Because branding is, by definition, a longer-term initiative than marketing, it isn’t as easy to measure the ROI of branding than it is to measure the financial impact of a digital marketing campaign, for example. But establishing and tracking brand metrics can give you actionable insights as to the relative value of your branding initiatives.
Establish a Framework
Decide which metrics are most important to your brand’s performance. If you’re not sure, ask yourself which metrics will enable you to make a decision. The only valuable metrics are actionable brand metrics. Keep your list reasonable to ensure that the data gleaned is rich and relevant. Pick the top 5 metrics to start. Some questions to ask when selecting your metrics include:
- What are the most important metrics to track the performance of your business?
- Which metrics will have the biggest impact on the performance of your business?
- Which metrics will have the biggest impact on how your brand is perceived?
- Which metrics will have the biggest impact on how customers experience your brand?
Set Your Benchmarks
Determine where you brand currently stands with regards to each of your chosen metrics.
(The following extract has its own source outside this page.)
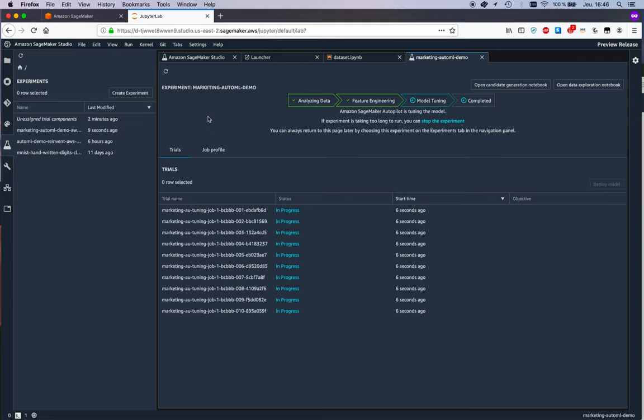Okay, so feature engineering is complete, meaning we transformed the original dataset according to the candidate that you saw in the generated notebook. And so now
Brand awareness, web traffic, sales leads, profits—determine the benchmark for each so that you have a baseline with which to compare metrics after a major branding initiative.
Measure Brand Impact
After implementing your branding or rebranding initiative, complete another pass at measurement, collecting precisely the same data you did in step 2. Collecting the same data by the same methodology ensures statistical integrity and actionable figures.
Differential analysis will allow you to see where your brand is outperforming expectations, and where it is struggling. Positive impacts on financial metrics less your investment into the branding initiative will give you your branding ROI.
Evaluate and Optimize
Branding should be a continuously informed and regularly implemented endeavor. Take the actions necessary to course correct where your brand is lagging and capitalize where you see momentum. This ongoing process will ensure the optimization of your branding initiatives.
Like anything in business, your metrics should be dynamic and responsive. As your business objectives shift, so should your metrics. Your metrics should remain relevant to both business performance and the bottom line. Keeping metrics tied directly to business goals is the key to placing a hard and fast value on this intangible thing we call “brand.”
Brand metrics are key to measuring brand performance and understanding branding’s ROI. They enable you to better understand the effectiveness of your brand positioning and its impact on your business.
Continually tracking your metrics gives you the power to better align your brand with business objectives, stay ahead of potential threats, and capitalize on emerging opportunities.